WORK TO COMPLETE: Set down the data again word for word. Skip any pictures.

DATA SEGMENT:

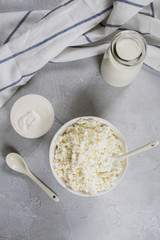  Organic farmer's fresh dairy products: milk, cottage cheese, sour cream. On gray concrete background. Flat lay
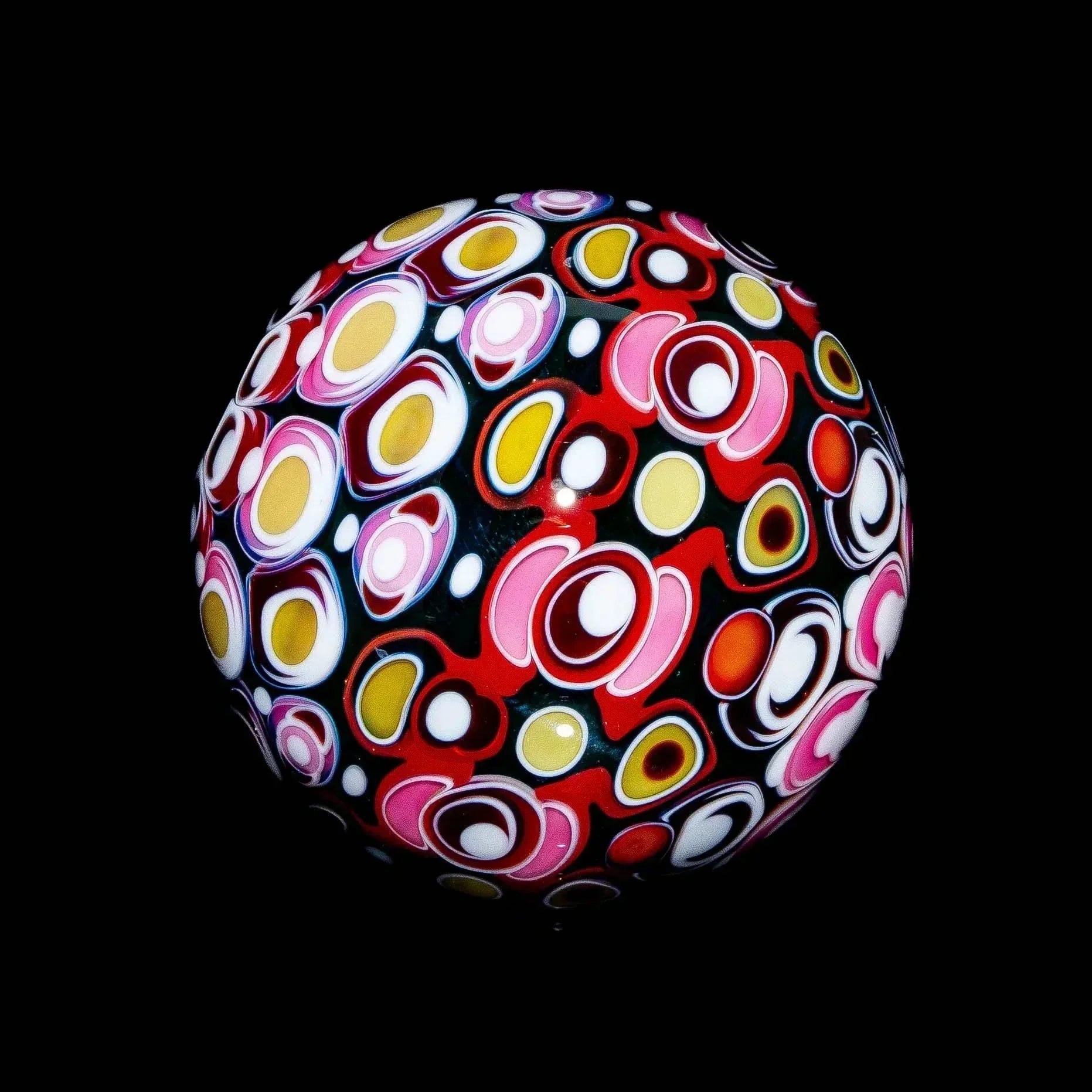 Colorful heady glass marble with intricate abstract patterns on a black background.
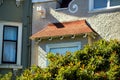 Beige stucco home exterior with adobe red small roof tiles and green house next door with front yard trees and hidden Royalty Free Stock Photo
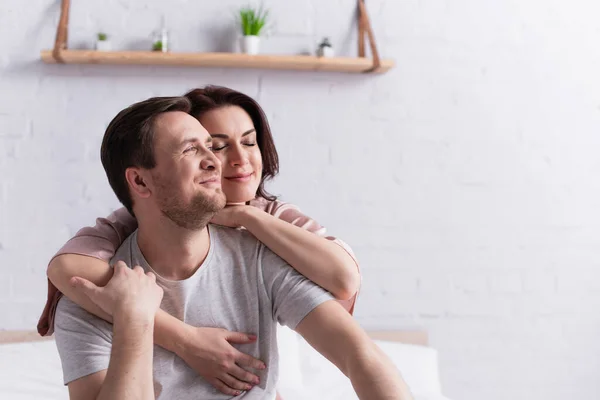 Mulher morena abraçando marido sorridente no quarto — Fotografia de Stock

REPLY:
  Organic farmer's fresh dairy products: milk, cottage cheese, sour cream. On gray concrete background. Flat lay
 Colorful heady glass marble with intricate abstract patterns on a black background.
 Beige stucco home exterior with adobe red small roof tiles and green house next door with front yard trees and hidden Royalty Free Stock Photo
 Mulher morena abraçando marido sorridente no quarto — Fotografia de Stock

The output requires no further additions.